If you are like most parents today you wouldn’t dream of letting your elementary school-aged child walk to school on their own even if you live a block away. You put them in car seats and booster seats at the right weights/heights. You silently chastise a parent who smokes within a 50-metre radius of their child. You take your child to ballet, karate, guitar lessons, soccer, tennis and swim lessons to ensure they are well-rounded individuals.
So why then, do you take your beautiful child to the skating rink for pleasure and expose their frontal lobe, their health and future potential to the risk of injury?
Make a promise today to show your child how much you love their lobe and fit them in a CSA certified ice skating helmet. It’s designed to protect the important, albeit not so cute, parts that make your child so precious.

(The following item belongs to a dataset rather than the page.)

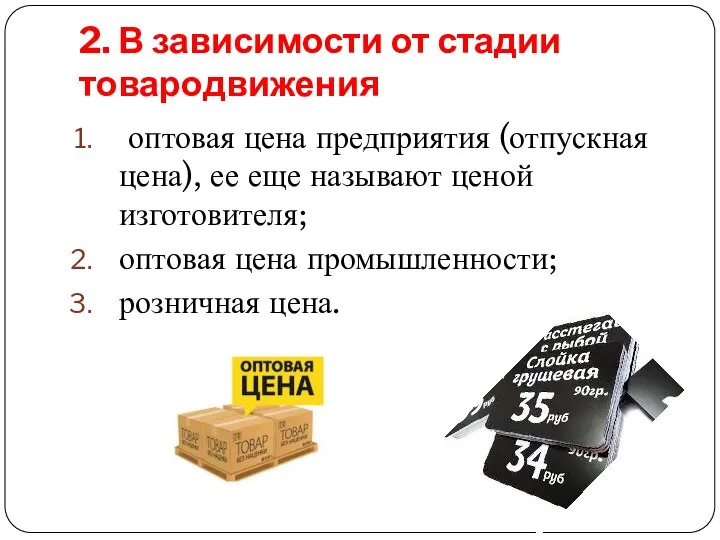 2. В зависимости от стадии товародвижения оптовая цена предприятия (отпускная цена), ее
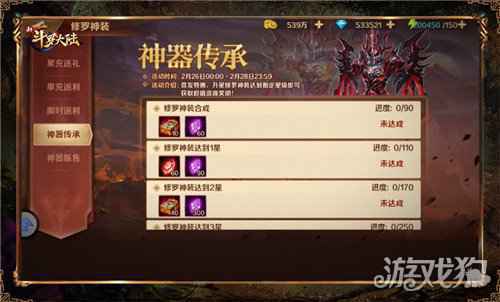 元宵+修罗神装首发活动 新斗罗大陆超级福利激情来袭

While you are at it why not set a good example and wear a helmet too.
References and Resources:
1. Yang Y, Raine A (November 2009). “Prefrontal structural and functional brain imaging findings in antisocial, violent, and psychopathic individuals: a meta-analysis”. Psychiatry Res 174 (2): 81–8. doi:10.1016/j.pscychresns.2009.03.012. PMID 19833485.
2. Miller EK, Freedman DJ, Wallis JD (August 2002). “The prefrontal cortex: categories, concepts and cognition”. Philos. Trans. R. Soc. Lond., B, Biol. Sci. 357 (1424): 1123–36. doi:10.1098/rstb.2002.1099. PMID 12217179.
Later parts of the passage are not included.